ASSESSMENT OF AIR QUALITY
“Every day, we collect air quality data from our 11 devices set up in the eight cities. We enter the data in our software which then calculates the air quality index (AQI) value,” said Sabera Nasrin, data quality monitoring officer of the CASE project.
The DoE is following the air quality measurement standards of the US Environmental Protection Agency, she said.
As per the standards, 0-50 index value is considered good or healthy, 51-100 moderate, 101-200 unhealthy, 201-300 very unhealthy, and above 300 extremely unhealthy.
Shockingly, 300 is the minimum AQI value found in Dhaka, Narayanganj, Gazipur and Khulna cities for most part of the year, especially in the winter.
For example, on December 7, the AQI values were recorded at 330 in Dhaka, 311 in Gazipur, 438 in Narayanganj, 335 in Khulna, 168 in Rajshahi, 138 in Sylhet, 228 in Chittagong and 288 in Barisal cities.
Things get worse on a bad day.
In 2014, Narayanganj saw its AQI go as high as 590.
Though Narayanganj has the highest level of gaseous pollutants, the report shows the air of the northern metropolis Rajshahi contains the highest level of dust particles.
HOW BAD IS IT?
The WHO used the CASE project's data to prepare its global Ambient Air Pollution (AAP) report in 2014.
In the report, Bangladesh was ranked fourth among 91 countries with worst urban air quality.
And among 1,600 cities of the world, Narayanganj was identified as the 17th city with worst air quality while Gazipur and Dhaka took 21st and 23rd spots.
The report says that almost 90 percent of people in these cities are exposed to dangerous levels of air pollution, the largest single environmental health risk that killed 3.7 million people across the world in 2012.
The DoE has found alarmingly high presence of gaseous pollutants like carbon monoxide (CO), sulphur dioxide (SO2), nitrogen oxide (NOx) and ozone (O3) and methane (CH4) in the air of the cities.
However, floating micro particles in the air, called particulate matters (PM), harm people more than any other pollutants, say health experts.
The major PM components found in the major cities include sulphate, nitrates, ammonia, sodium chloride, black carbon and mineral dust.

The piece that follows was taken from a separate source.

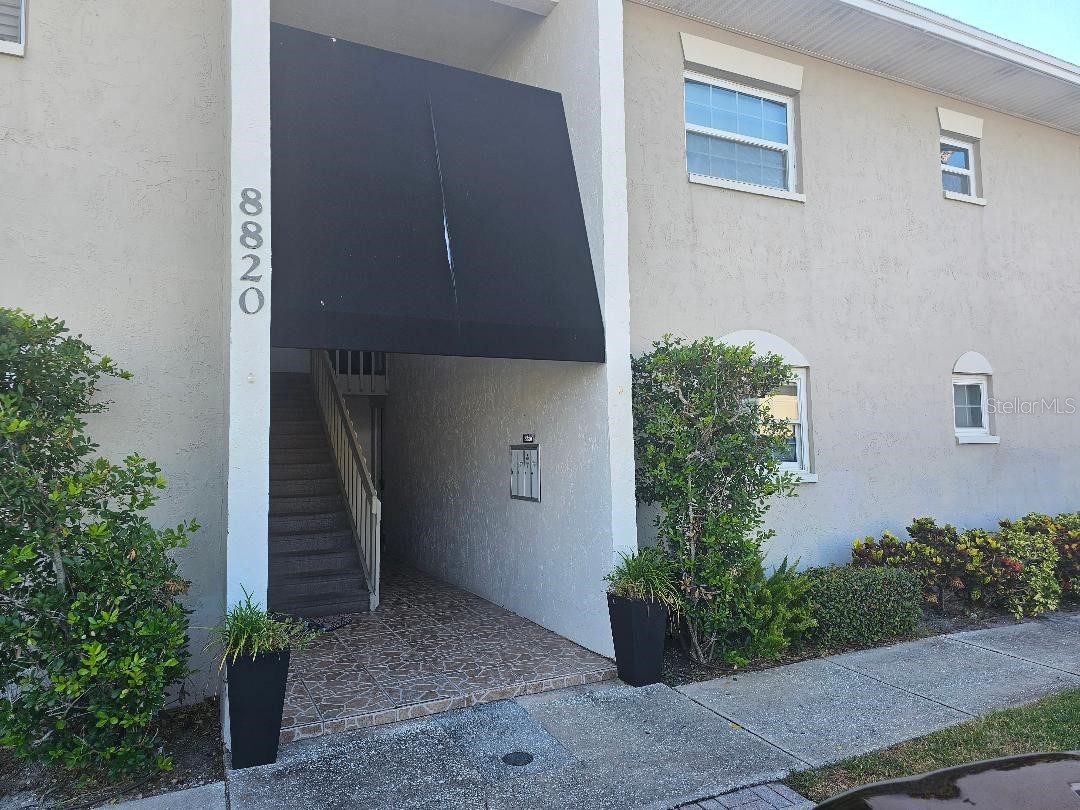 8820 Bay Pointe Drive #102 Tampa FL 33615 TB8519818 image1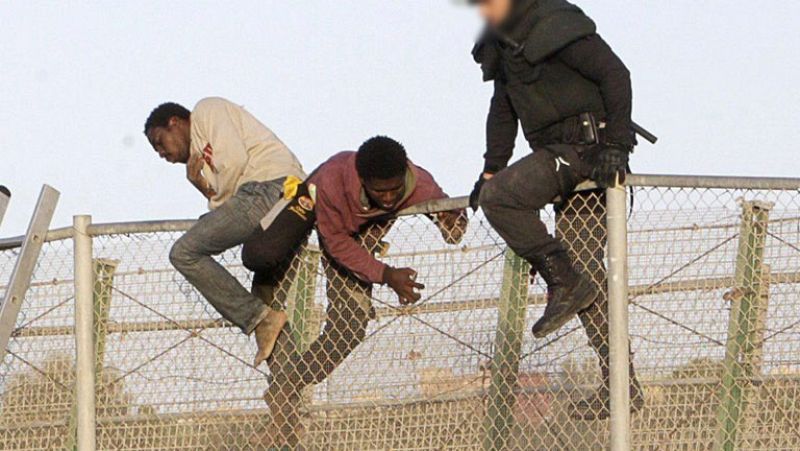 Unos 200 inmigrantes subsaharianos protagonizan un nuevo salto a la valla de Melilla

Most damaging of the particles are those with a diameter of 10 microns or smaller as they can penetrate and lodge deep inside the lungs.
Someone with chronic exposure to such particles stand the risks of developing cardiovascular and respiratory diseases and even cancer in the lung and the urinary tract or bladder, according to the WHO.
"But the government has not taken up any major step to check pollution," said CASE Director Manzurul Hannan Khan.
"It's true that some initiatives like modernisation of the brick kilns and phasing out of old vehicles would reduce the level of air pollution level" but these processes are very slow and barely enough, he added.
"Different industries are being set up close to the cities. The Department of Environment should keep a close watch on these industries so that they cannot pollute the air," said Prof Atiqur Rahman.
By reducing the level of air pollution, Bangladesh can significantly reduce the incidence of heart diseases, lung cancers, and chronic and acute respiratory complications like asthma, they said.